Comment by 8fingerlouie

2 years ago

I'm not well enough versed in the Linux kernel to comment on the post, but as a funny anecdote, 15 years ago, we were developing a system that relied heavily on using as many cores as possible simultaneously.

Performance was critical, and we had beefy developer machines (for the time), all with 8 cores. Development was done in C++, and as the project progressed the system performed very well, and more than exceeded our performance goals.

Fast forward a couple of years and it became time to put the thing into production on a massive 128 core Windows server.
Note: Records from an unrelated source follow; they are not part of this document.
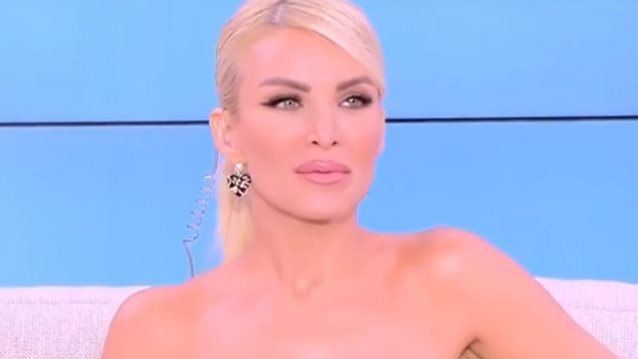 Η ατάκα της Κατερίνας Καινούργιου για το τηλεοπτικό μέλλον του Δημήτρη Ουγγαρέζου: "Του τάξανε και καλά αυτό"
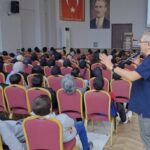 Muş’ta Öğrencilere Sınav Kaygısı ve Motivasyon Semineri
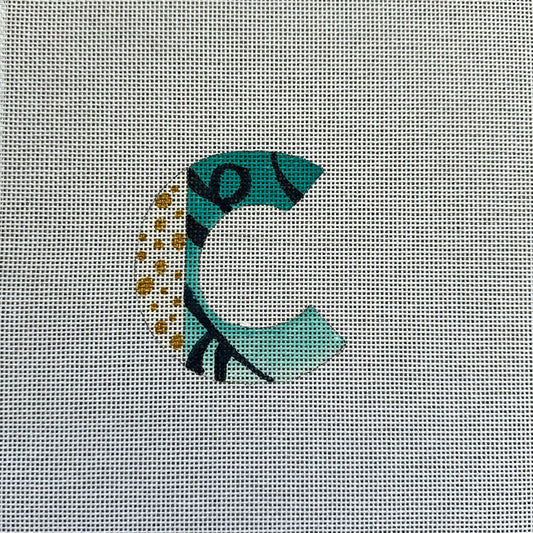 Letter - C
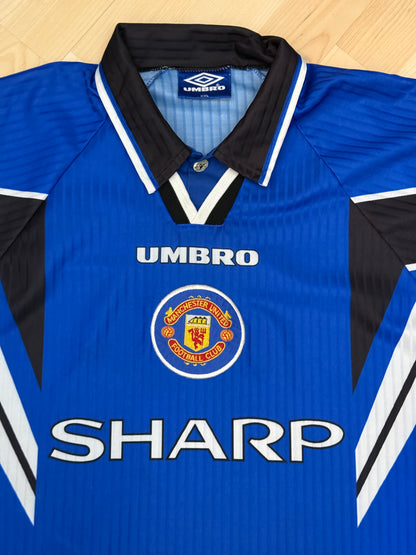 Manchester United 1996/1998 Third Shirt (XXL)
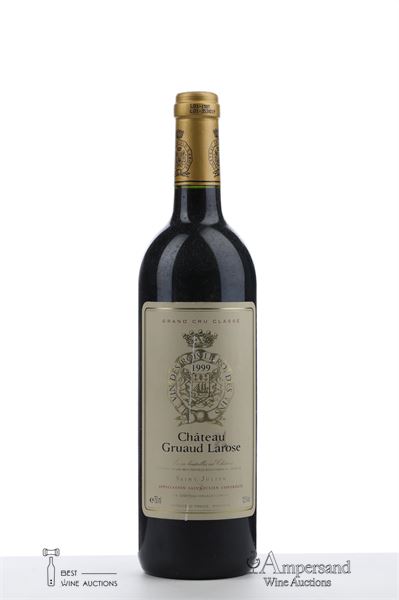 GRUAUD LAROSE 1999 - Mc - 1 Bottle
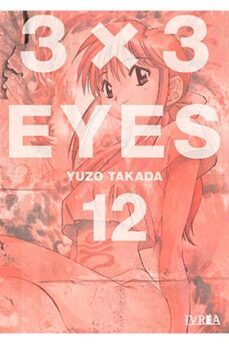 3 x 3 eyes 12-9788418751967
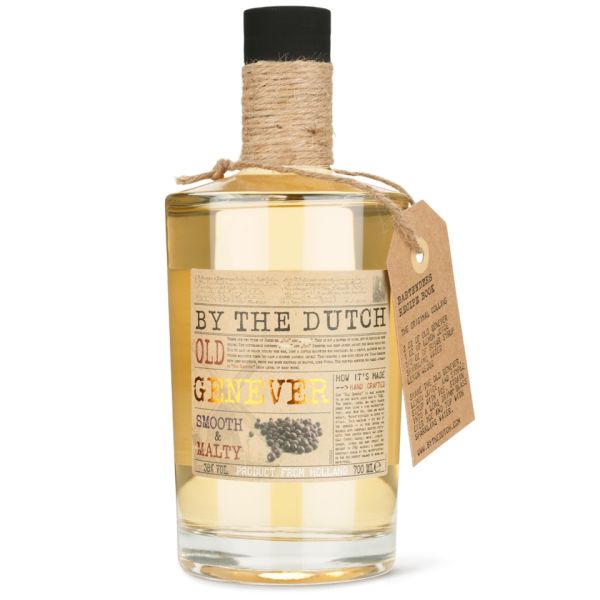 BY THE DUTCH Old Genever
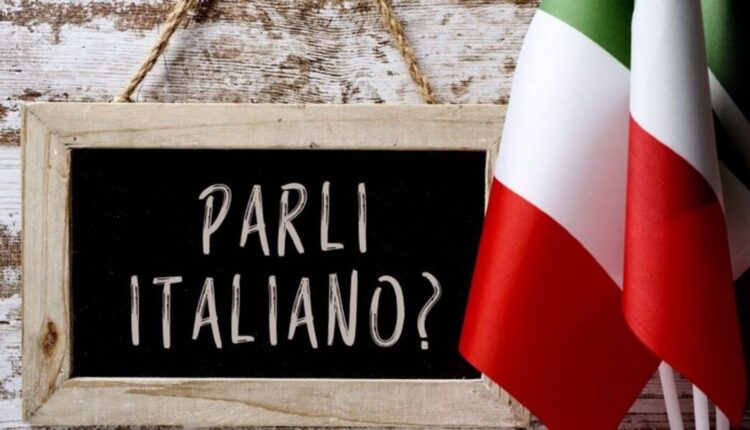 تعلمك اللغة الإيطالية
Much to our surprise the performance completely tanked when scaled to all 128 cores.

After much debugging, it turned out that the system spent most of its time context switching instead of doing actual work, and because we used atomic operations for message queue functionality (compare & swap), it effectively meant clearing the cache for every core working with/on that piece of heap memory, so every time a task passed a message to something else, it effectively reset the CPU cache, which would then have to be refetched from RAM. This was not (as big) a problem on the developer machines, as there were fewer cores and each task had more work queued up for it, but with 16 as many cores to work with, it simply ran out of tasks to do faster.

The "cure" was to limit the system to run on 8 cores just like the developer machines, and AFAIK it still runs in that way all these years later.

It's amazing how much "optimization" you can achieve on modern systems by simply fencing process(es) to run within a cache region, or within a NUMA node. Even my homelab server with a P-core cluster and two E-cores clusters benefits massively from some simple cpusets to keep each process running within a cluster to mitigate context switching. Each P-cores has its own L2 cache, but E-core clusters share L2. Unfortunately all three clusters share a LLC, so there's only so much you can do.